NiFi ADB Connector overview

Overview

NiFi ADB Connector provides high-speed parallel data writing between NiFi and Arenadata DB (ADB).

In the NiFi user interface, the following Arenadata development components are available for creating NiFi ADB Connector:

NiFi ADB Connector architecture

The figure below shows the interaction between NiFi ADB Connector objects.

NiFi ADB Connector architecture
NiFi ADB Connector architecture
NiFi ADB Connector architecture
NiFi ADB Connector architecture

StandardGpfdistService — controller service for connecting to ADB segments, using the mechanism of a readable external table with the gpfdist protocol.

StandardGpfdistService connects to ADB via the GreengageDBCPConnectionPool database connection pool service.

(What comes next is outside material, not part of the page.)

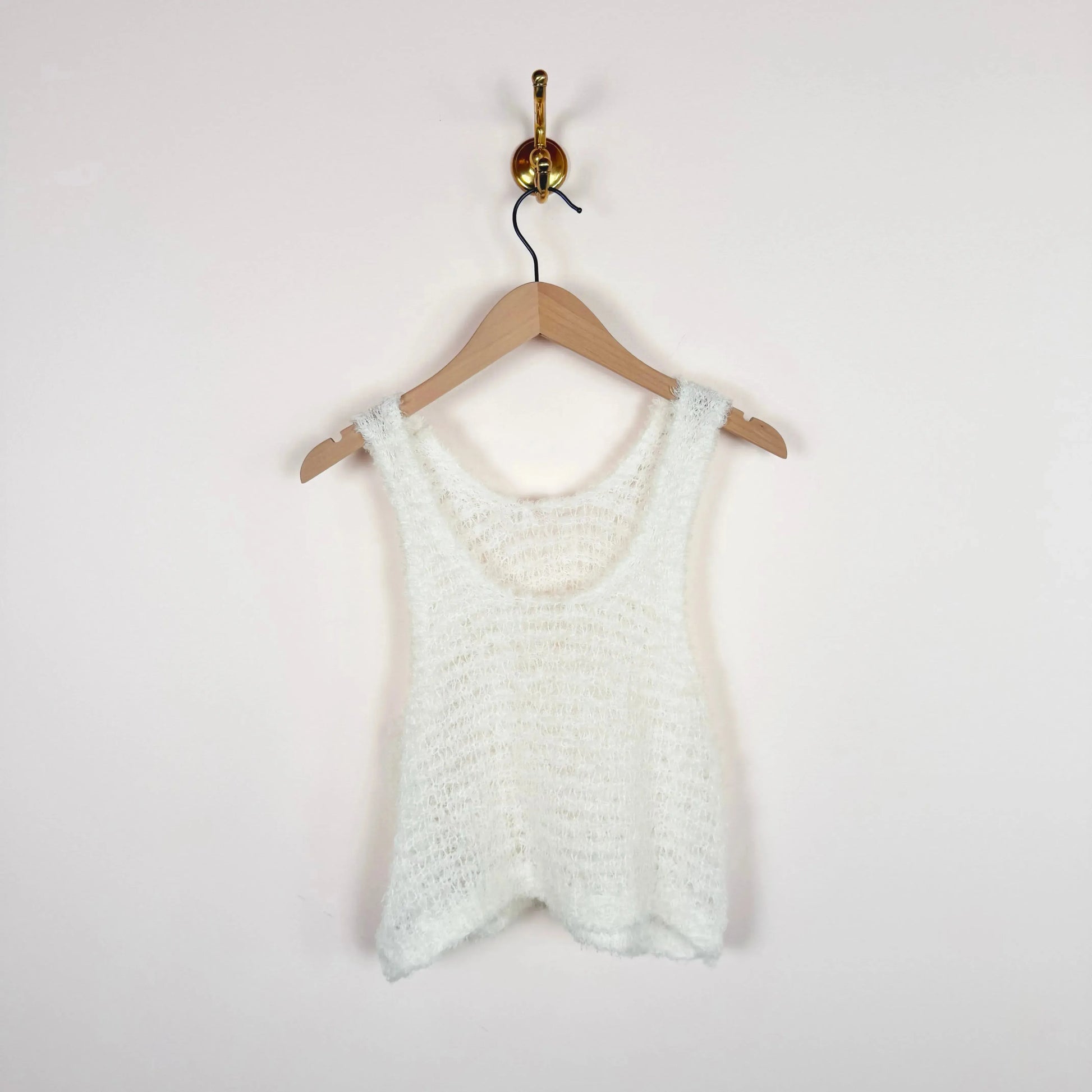 Linen Fur Tank in White-Tops-Sayaka Davis-eugenienewport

Gpfdist is a Greengage DB utility for reading and writing data from files located on remote servers. It is installed on all hosts of the ADB cluster and provides parallel loading of data, distributing it between segments evenly or according to the specified data distribution key.

The description of the StandardGpfdistService configuration parameters is provided below.

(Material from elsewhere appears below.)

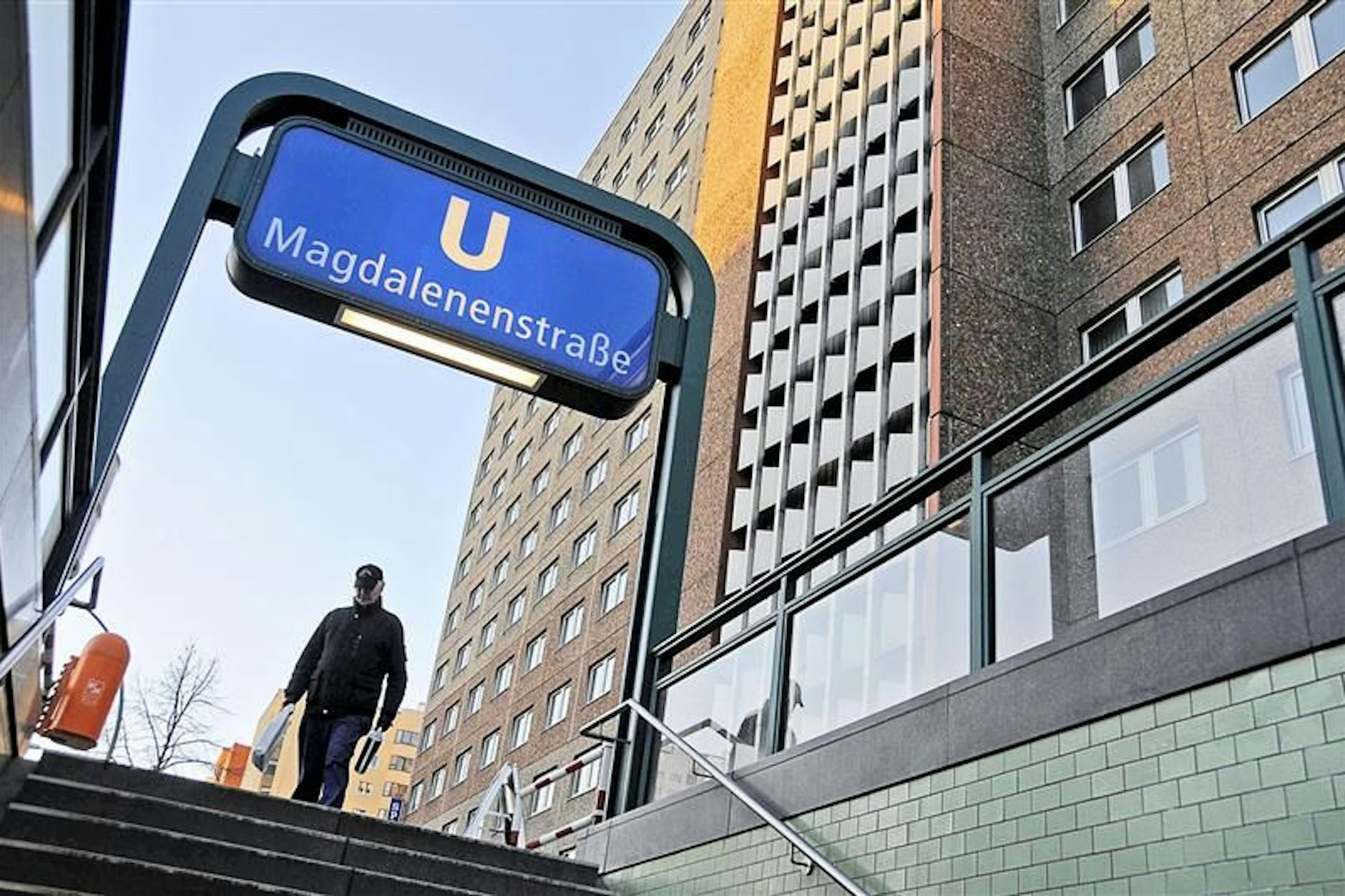 Der Bahnhof Madgalenenstraße trägt seit Jahrzehnten den gleichen Namen. Nun will die CDU dem Bahnhof der Linie U5 den Namen Campus für Demokratie verpassen.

To manage data, the StandardGpfdistService can be connected to the following processors:

  • PutGreengageRecord — writes data to Greengage DB.

    To ensure control over the loading of Greengage DB segments and the distribution of load flows between NiFi nodes, a parallelism model is used.

    Processors create parallel data streams and transfer them to Greengage DB segments. Record processing is performed asynchronously relative to gpfdist HTTP streaming.

    Description of the PutGreengageRecord processor configuration parameters is provided below.

  • GetGreengageRecord — loads data from Greengage DB.

    Processors on each NiFi node create a certain number of tasks that are executed in parallel and unload data fragments from Greengage DB segments. The number of processor threads that will handle these tasks can be configured using the Concurrent Tasks parameter on the SCHEDULING tab.

    The processors support a stepwise unloading mode, in which each processor cycle reads only newly appeared data ranges, instead of rereading the entire table. This approach reduces the load on Greengage DB and NiFi, decreases the amount of transmitted data, and makes re-polling predictable for real-time scenarios.

    Description of the configuration parameters of the GetGreengageRecord processor is provided below.

PutGreengageRecord

Below are the parameters of the PutGreengageRecord processor.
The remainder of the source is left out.